Why I Started Blogging & How I Blog Regularly for Over a Year

With the coming of December, this means I have been posting regularly on my blog every single week for one whole year.

Okay, maybe more than a year.

Photo by Emma Matthews on Unsplash

Back in 2017, when I challenged myself to be more active in this blogosphere, I half-expected myself to quit halfway through, just like how I usually do my new year’s resolutions. In fact, looking back, I am astounded by my own persistence in writing blog posts, to the point where I started questioning why I started doing it in the first place.

Sure, I had thought that it would be a good challenge, but as far as I knew, that would’ve only been enough to make me start; not carry on with the task for more than 50 weeks. After all, I have my other responsibilities. And if you’ve been reading my blog posts, you would know that more often than not, I have to prioritize my day job over my blogging hobby.

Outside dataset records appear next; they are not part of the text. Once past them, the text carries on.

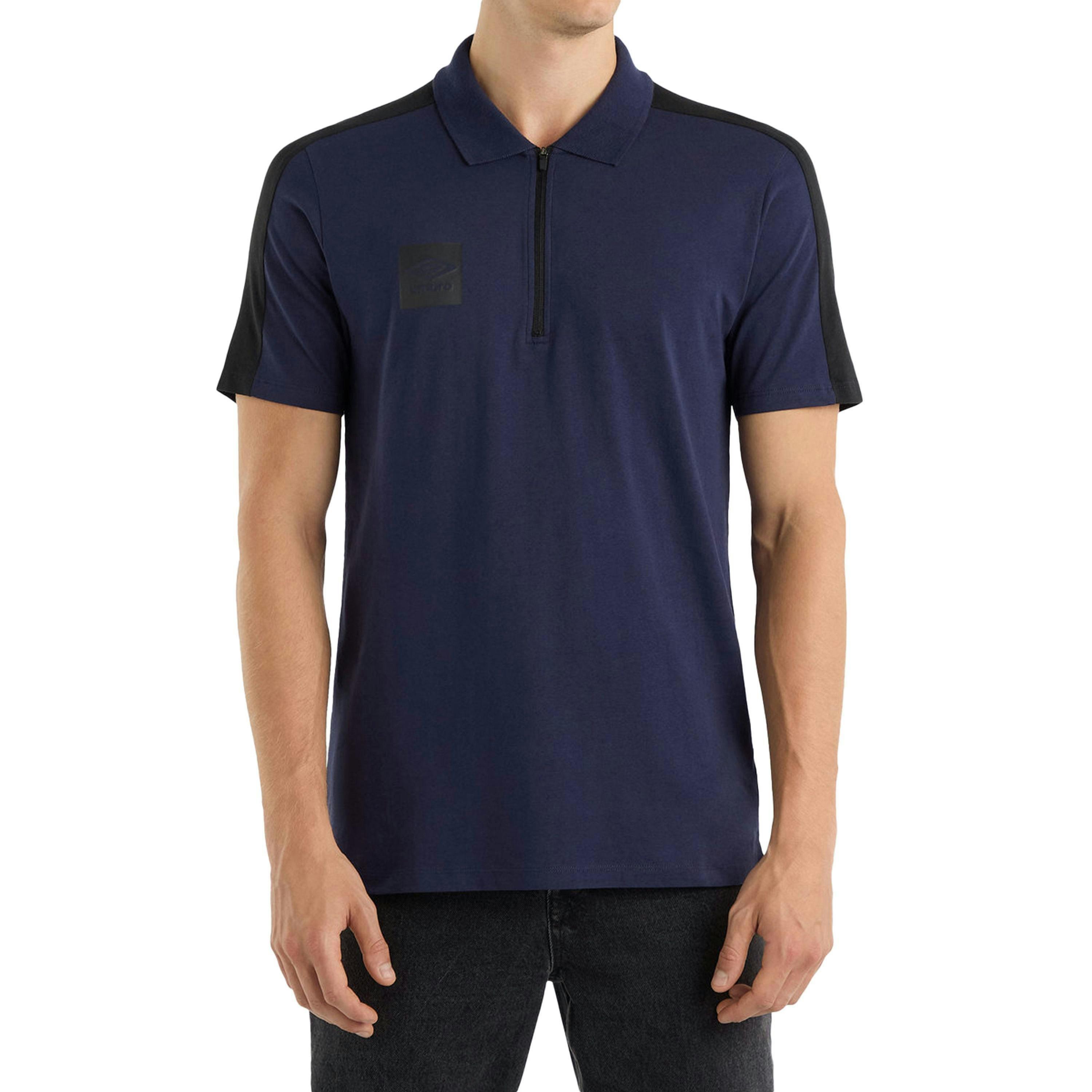 Umbro Mens Terrace Quarter Zip Polo Shirt , view 3 of 3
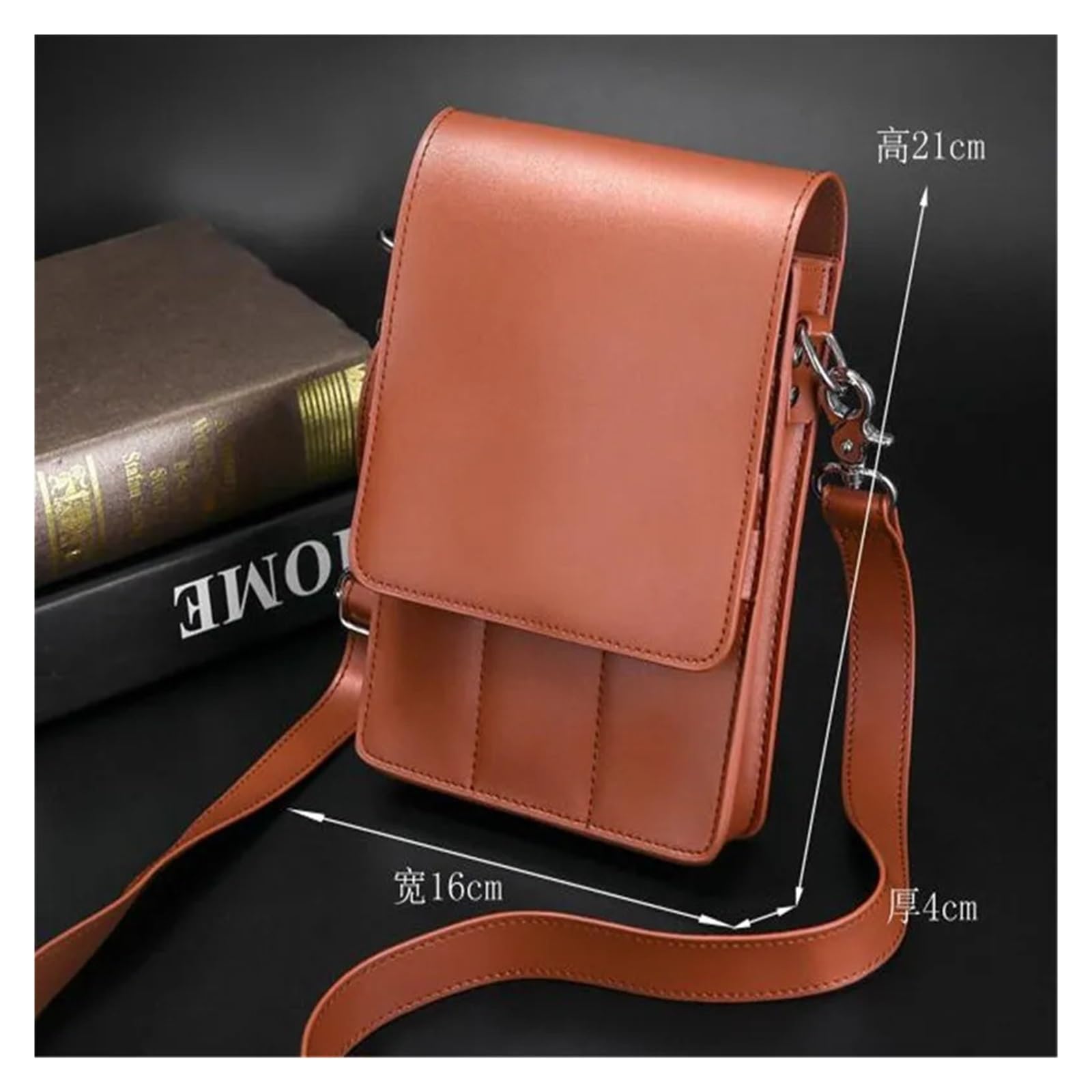 Friseurscheide Hüfttasche Professionelle Leder-Haarscherentasche, Gürteltasche mit Clips, Friseurscheren-Holster, Beutelhalter, Etui mit Hüftgurt(Brown)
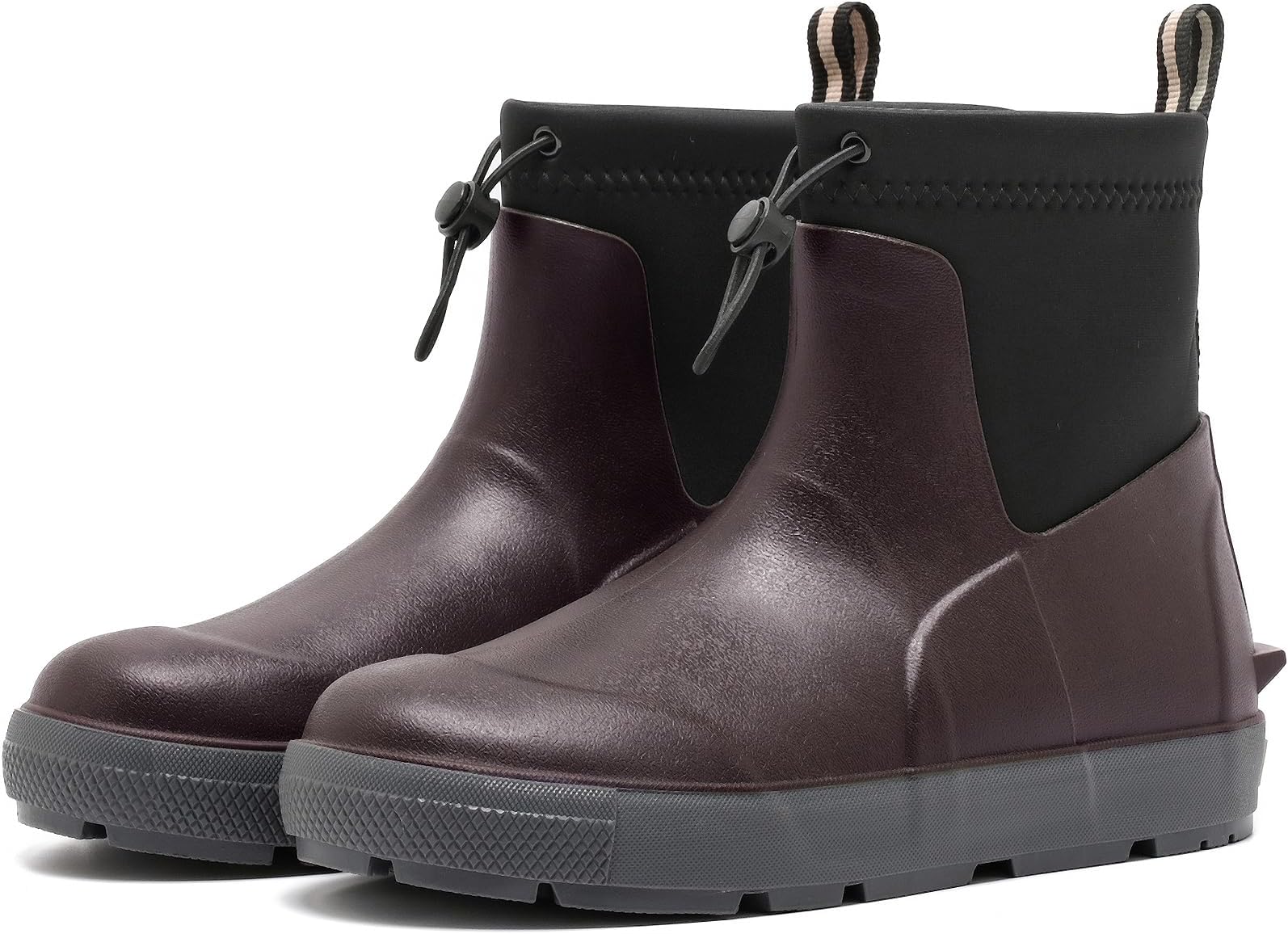 Men's Deck Boots,Ankle Rubber Rain boots Waterproof Anti-Slip Waterproof Shoes, Fishing Boating Boots Water Work Shoes for Men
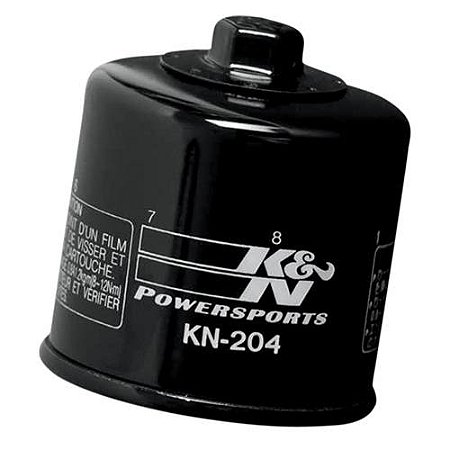 K&N - KN-204-1 - FILTRO DE ÓLEO HONDA YAMAHA TRIUMPH (TODAS) MV AGUSTA (SOMENTE 1078CC ATÉ 09)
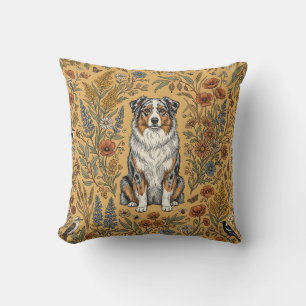 Australian Shepherd Ranch Field Pillow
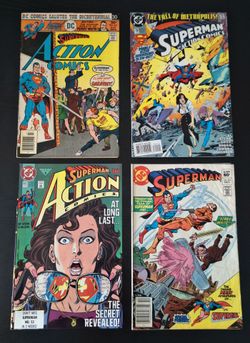 4 VINTAGE SUPERMAN & ACTION COMICS [1(contact info removed)]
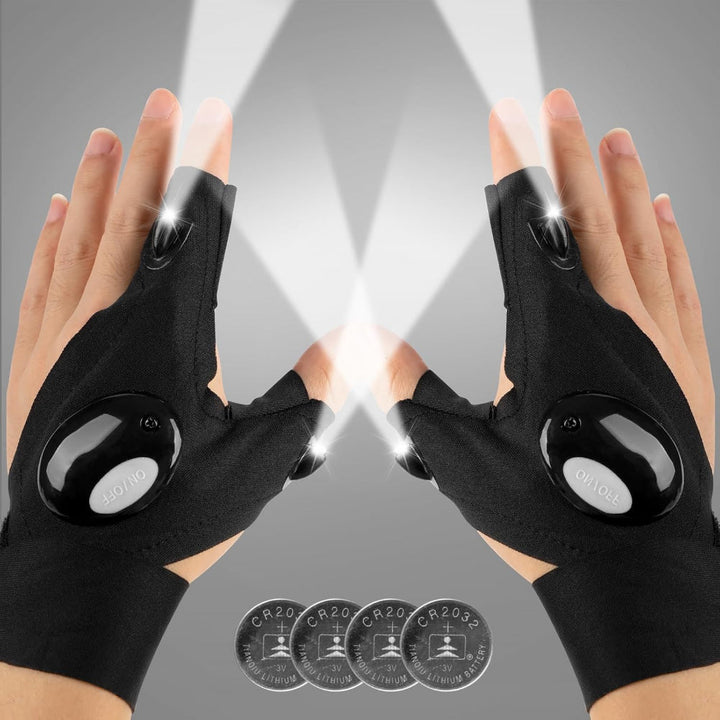 Flashlight Gloves LED Finger Light Work Outdoor Tool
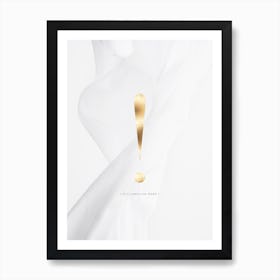 Exclamation Mark Gold Art Print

For seasoned bloggers who have been dishing out quality contents weekly (some even daily, and I don’t even know how they manage to do that)this might not be a big deal. But for someone like me, who used to create a blog and abandon it after a few weeks, this is actually quite monumental.

So after I took some time to deconstruct my motivation/drive to blog regularly, I’ve decided to share with you why I started doing this, and more importantly, how did I manage to keep on doing this.


Why I started blogging regularly

Back when I was in high school, our IT teacher gave us the assignment to create a blog of our own. Back then, it was sort of a big deal, you see. Internet was almost like a foreign concept to most people, and some students even struggled to remember what http stands for.

Photo by NeONBRAND on Unsplash

During this time, I noticed how some people continued to post on their blogs, even way after the assignment’s due. One blog talked mostly about the author’s diet attempt; another talked mostly about My Chemical Romance’s new album. There was a disarray of interests in this collection of student-created blogs, but unlike me—who only wrote blog posts for the sake of the assignment—these people loved the things they wrote so much that they managed to keep on doing it for a very long time.

I, for one, had always admired that.

But as much as I had admired them, there were other reasons why I finally decided to make a blog of my own, and write not for the sake of an assignment, but for growing the blog itself.

Reason #1: Establishing an Author Platform

To be honest, one of the main reasons why I started blogging in the first place was because I needed a place where I can put information about my books. I first realized about the need to have an online presence when I received news that my manuscript of 3 (Tiga) was getting published.

Photo by Priscilla Du Preez on Unsplash

Back then, the only way a potential reader could find out about me was if they googled my name on Goodreads. And I thought if I wanted to write more books after my debut novel, it would do me good if I have a reliable platform where I could post all the information about my publication portfolios, upcoming books, giveaways, and writing journey.

While Goodreads is a decent site to find book reviews, I thought that it was hardly a suitable platform for an emerging author to “build a nest” in.

Photo by Arnel Hasanovic on Unsplash

Also since I am not the most gifted photographer, and I don’t really fancy seeing my face on the internet, I immediately shied away from Instagram and Youtube, even though I knew how much potential both social media had in terms of promoting my works. This left me with the only real choice I had at hand: creating a blog.

I thought that with the flexibility to build my own blog, I could dedicate certain pages for information about my books, another page for my author bio, and the actual blog portion to write whatever I wanted. Plus, I don’t have to pose awkwardly in front of a camera in order to make it work.

That was perhaps the moment when I started considering blog seriously.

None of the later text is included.